[[ Material for the task open ]]

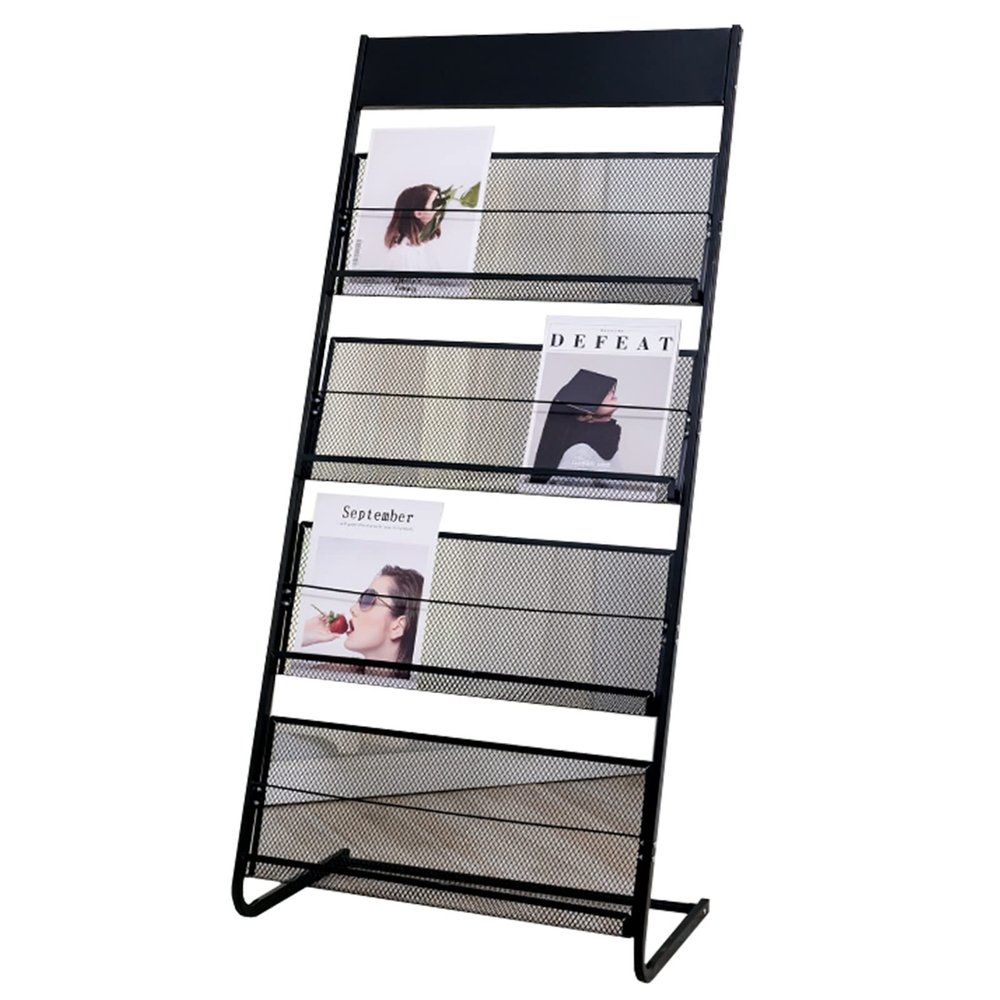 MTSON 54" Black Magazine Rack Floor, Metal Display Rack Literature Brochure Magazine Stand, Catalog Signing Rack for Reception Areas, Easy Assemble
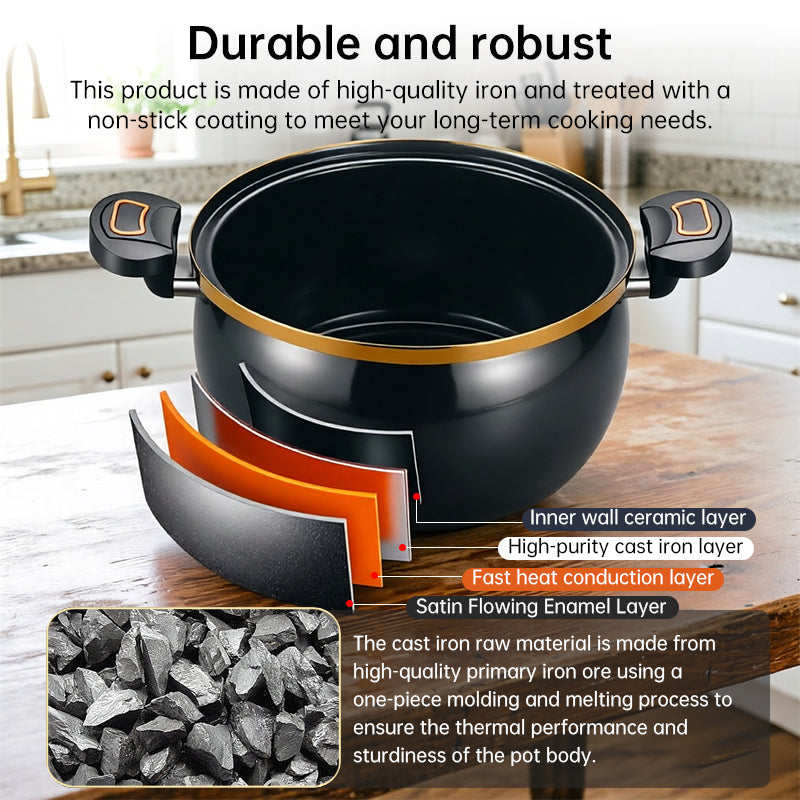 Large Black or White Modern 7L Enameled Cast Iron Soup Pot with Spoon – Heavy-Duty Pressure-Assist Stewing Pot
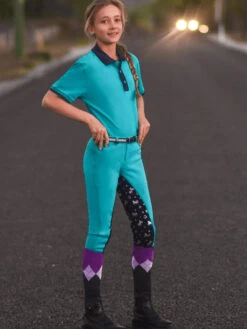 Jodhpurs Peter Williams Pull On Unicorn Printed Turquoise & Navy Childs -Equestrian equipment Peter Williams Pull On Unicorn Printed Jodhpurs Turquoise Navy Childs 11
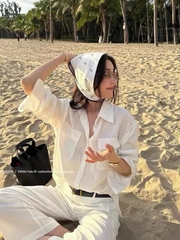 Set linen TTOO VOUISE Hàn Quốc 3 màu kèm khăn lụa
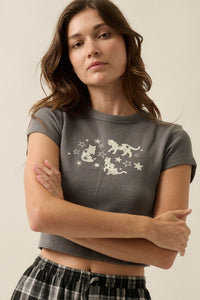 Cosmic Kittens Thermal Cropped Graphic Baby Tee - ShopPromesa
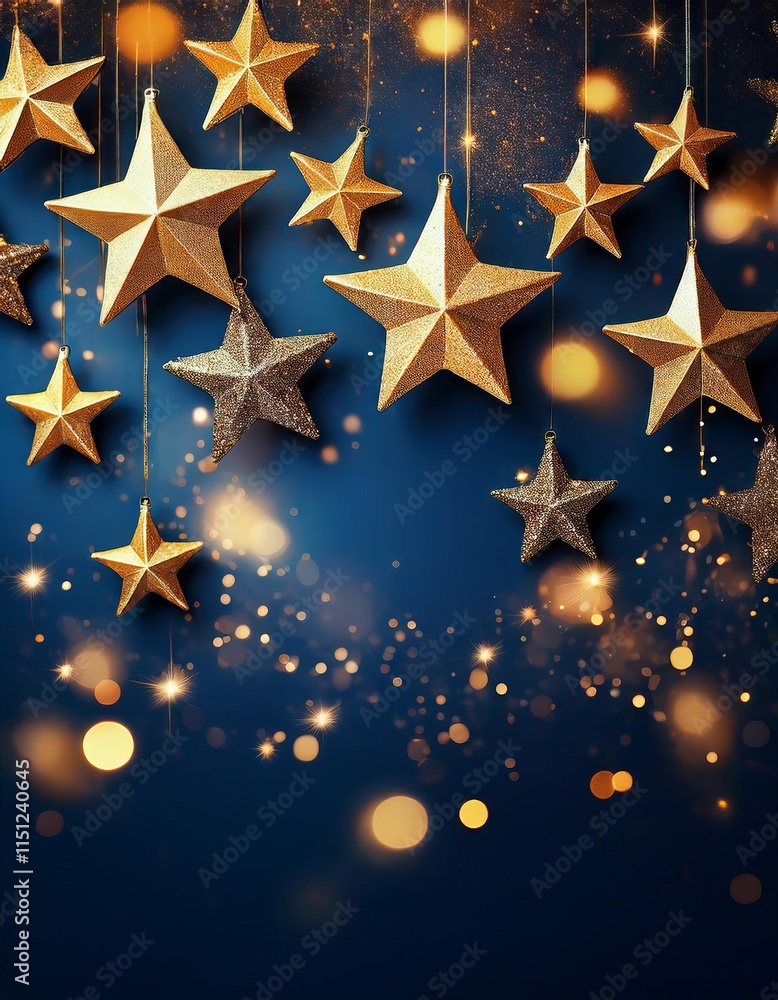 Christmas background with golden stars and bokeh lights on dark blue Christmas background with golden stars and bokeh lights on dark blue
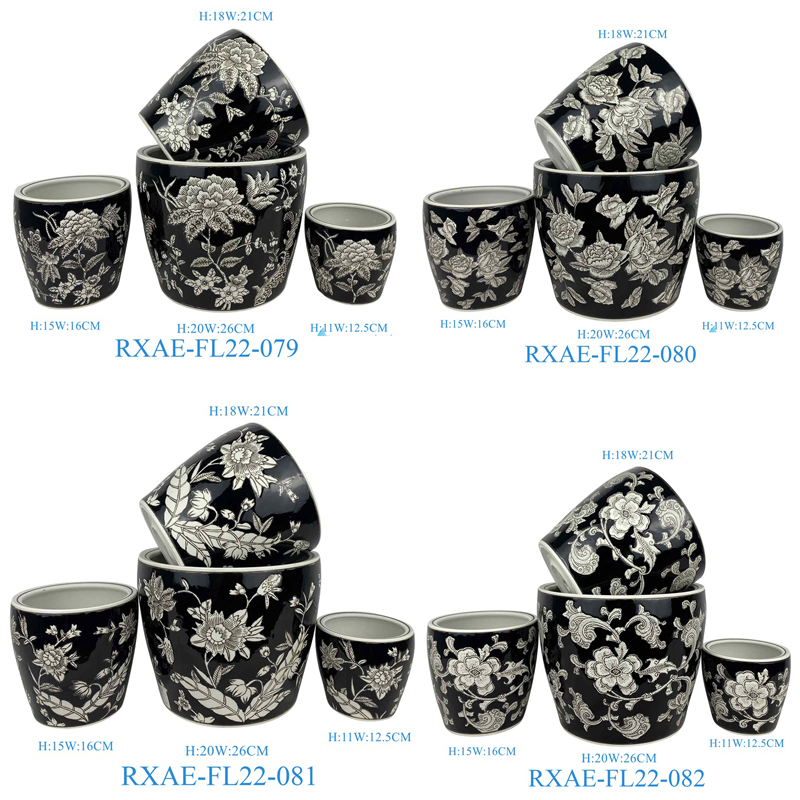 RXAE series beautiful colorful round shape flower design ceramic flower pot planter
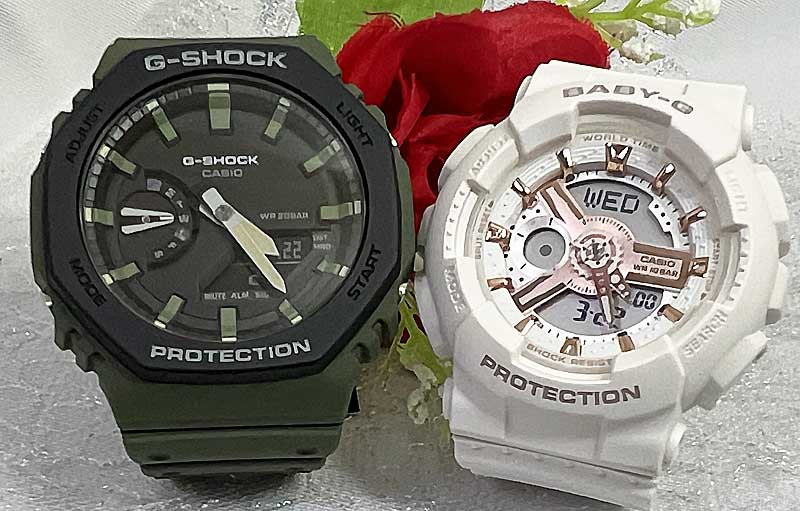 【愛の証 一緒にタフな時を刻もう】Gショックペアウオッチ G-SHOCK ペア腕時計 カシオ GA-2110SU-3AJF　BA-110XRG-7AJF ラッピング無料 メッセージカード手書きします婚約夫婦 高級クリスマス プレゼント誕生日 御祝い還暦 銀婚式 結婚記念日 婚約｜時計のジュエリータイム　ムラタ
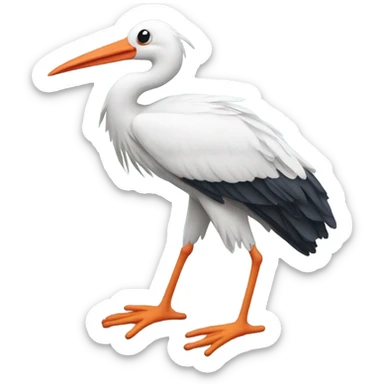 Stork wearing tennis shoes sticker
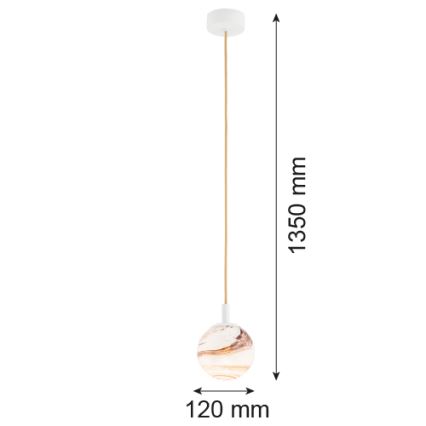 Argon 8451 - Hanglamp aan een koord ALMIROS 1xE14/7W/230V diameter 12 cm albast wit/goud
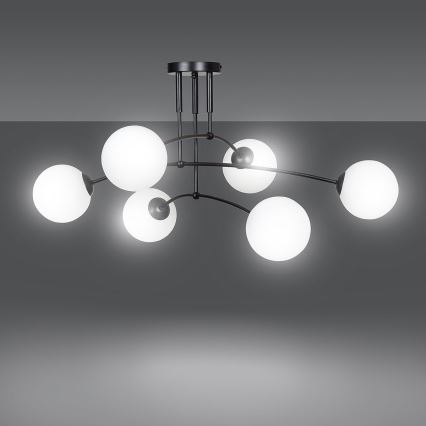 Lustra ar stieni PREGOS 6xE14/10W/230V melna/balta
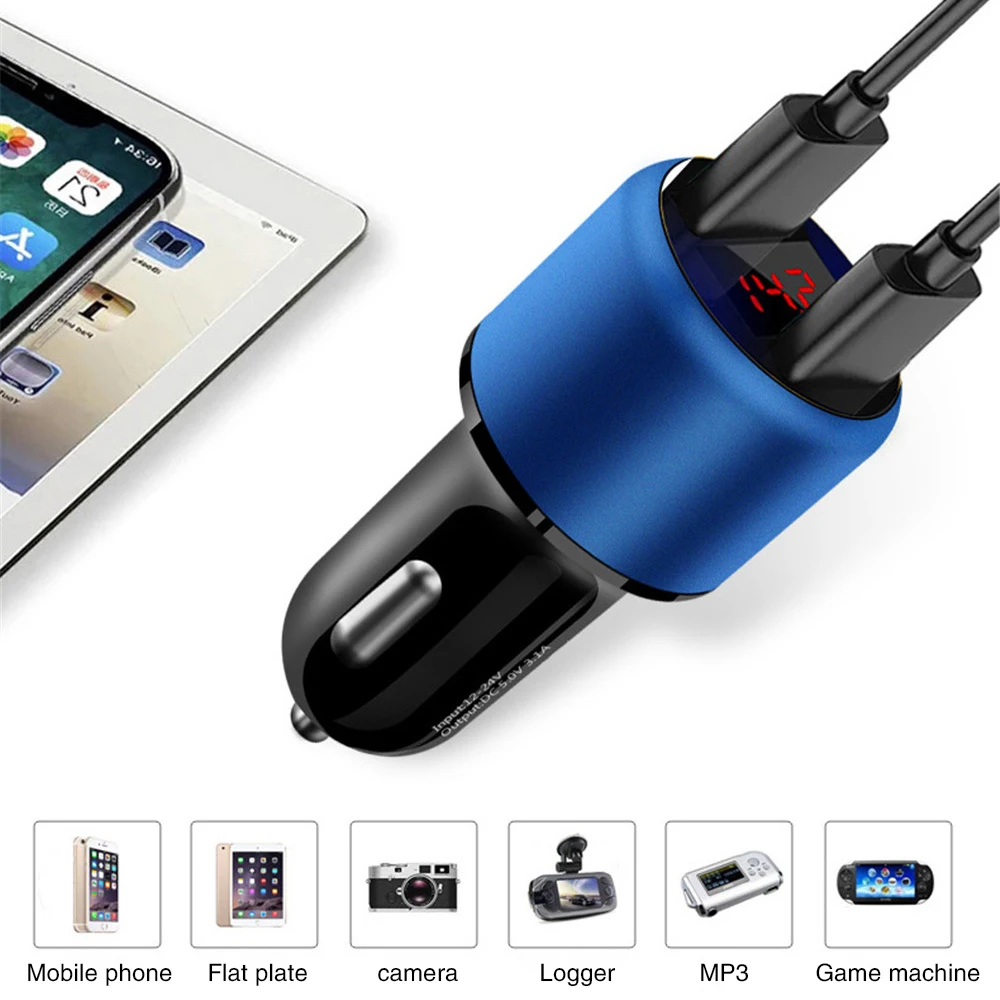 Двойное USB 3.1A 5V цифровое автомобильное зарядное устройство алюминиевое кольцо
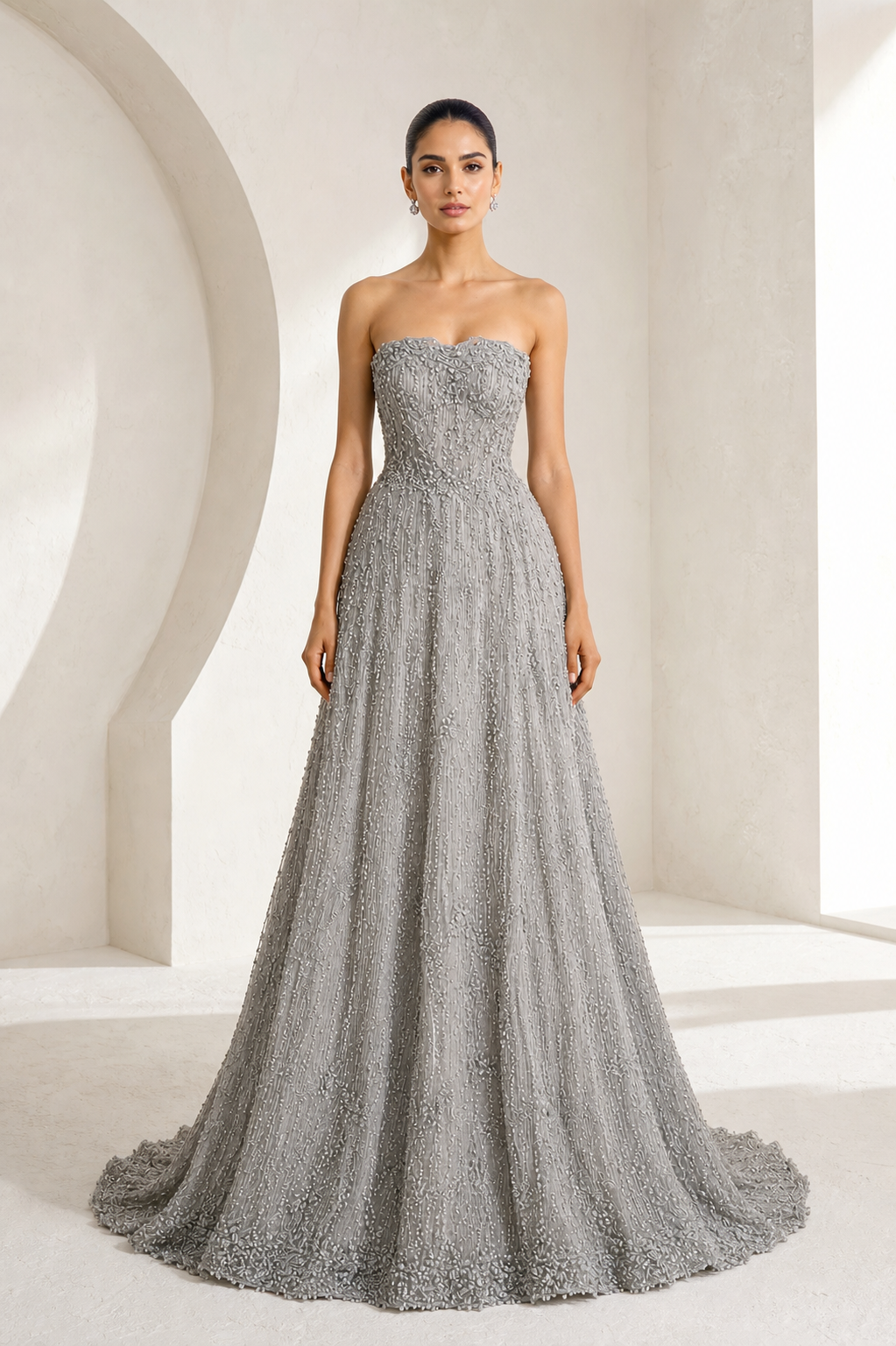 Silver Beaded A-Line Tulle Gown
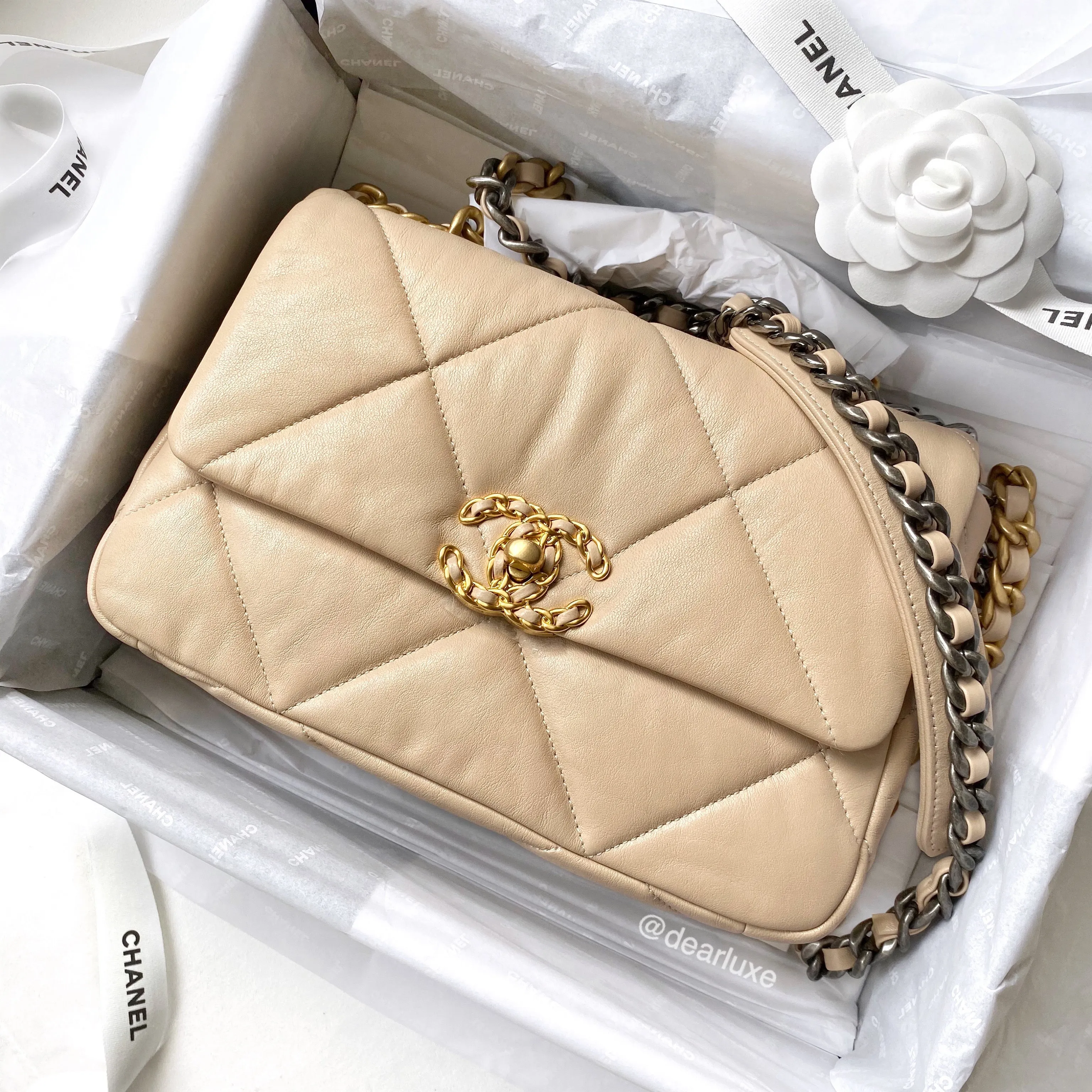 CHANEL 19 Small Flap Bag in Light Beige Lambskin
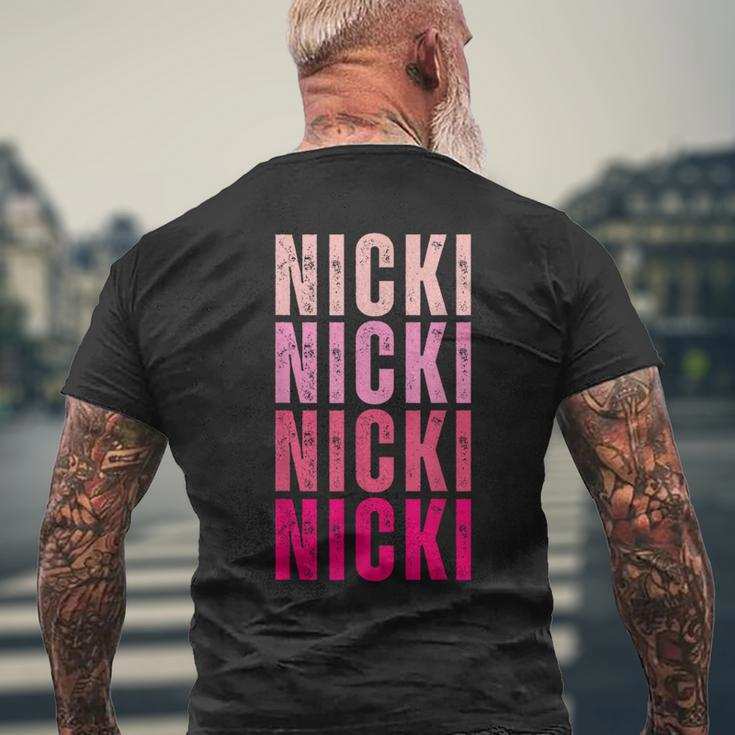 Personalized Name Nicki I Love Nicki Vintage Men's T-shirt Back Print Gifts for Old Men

[[ Material for the task closed ]]

### Work request
Reproduce only the lines from the line with "Silver Beaded A-Line Tulle Gown" to the end of the entries. Keep both ends, copy them exactly, and omit every picture.

### Output for this exercise
 Silver Beaded A-Line Tulle Gown
 CHANEL 19 Small Flap Bag in Light Beige Lambskin
 Personalized Name Nicki I Love Nicki Vintage Men's T-shirt Back Print Gifts for Old Men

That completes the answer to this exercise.